アイヌの人々は古くから、動植物や事象など、自然界のさまざまなものにカムイ(神)の存在を見い出し、敬虔(けいけん)な心をもって接してきました。「キムンカムイ(山の神)」=と呼ばれたヒグマもまた、先祖代々重んじられてきた野生動物の一種です。
知床はヒグマの密集生息地です。しかし人とクマの距離が崩れはじめ、その関係が危うくなっています。人間の生活の場とヒグマの生息地、お互いのテリトリーを守りながら、いかに共存ができるか。その道を探るために生まれたのが「クマ活」です。ご存知のように知床は平成17年7月に世界自然遺産に登録されました。
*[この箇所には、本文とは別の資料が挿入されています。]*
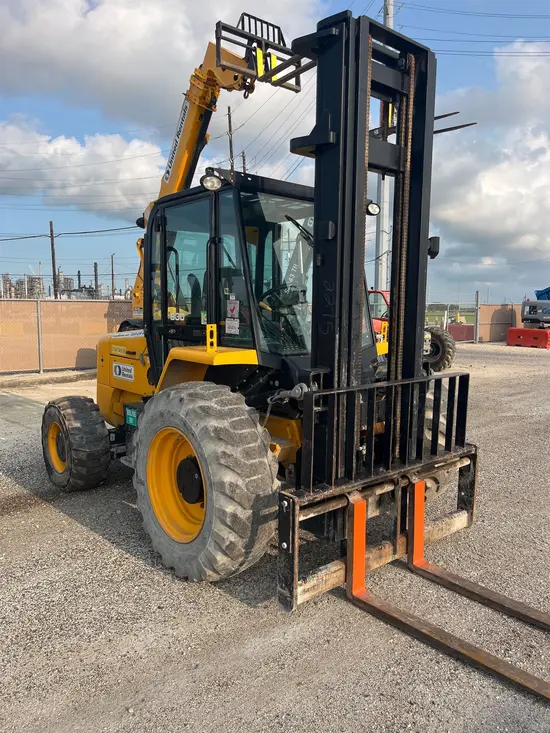2022 JCB 930-4 Forklift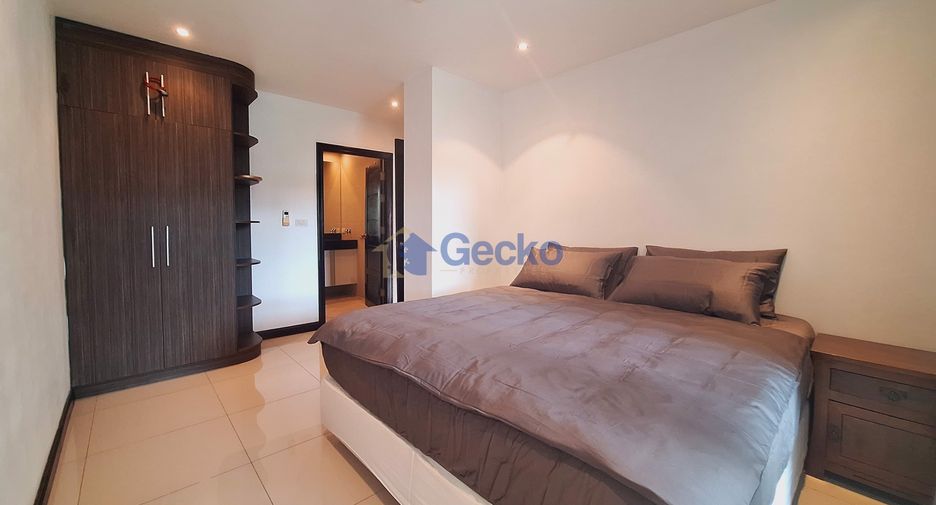 For rent 2 bedrooms condo in Bang Lamung, Chonburi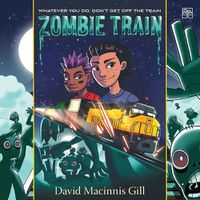Cover image for Zombie Train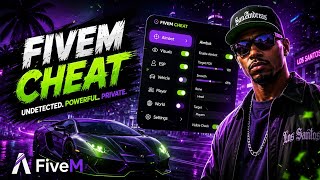 FiveM Mod Menu 2026 (Free PC) Undetected | Aimbot   ESP & God Mode [No Ban]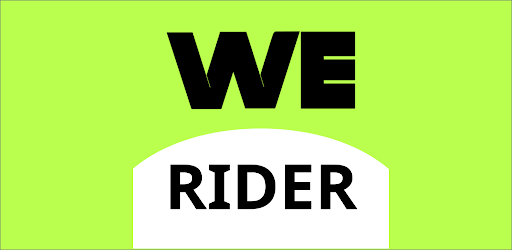 WE Rider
登録に当たっては、流氷が育む豊かな海洋生態系と原始性の高い陸息生態系の相互関係に特徴があること、世界的な希少種やサケ科魚類、海棲哺乳類等の重要な生息地を有すること等が評価されました。
知床の自然環境を持続可能(サスティナブル)な形で将来の世代まで引き継ぐことが必要です。それによって知床を旅される皆さんにも末長くこの自然をお楽しみいただけることでしょう。そこで、2020年より、「北こぶしリゾート」と知床財団が手を組んで「クマ活」を行っています。ヒグマを知ってもらうためのレクチャーの開催、草刈りを行うなど、人の住む街にヒグマが近づかないよう間接的で地道な取り組みを続けています。
「知床を、つづけていく」。これが、知床に住む私たちの使命だからです。そのために今、さまざまな活動を計画し実行しています。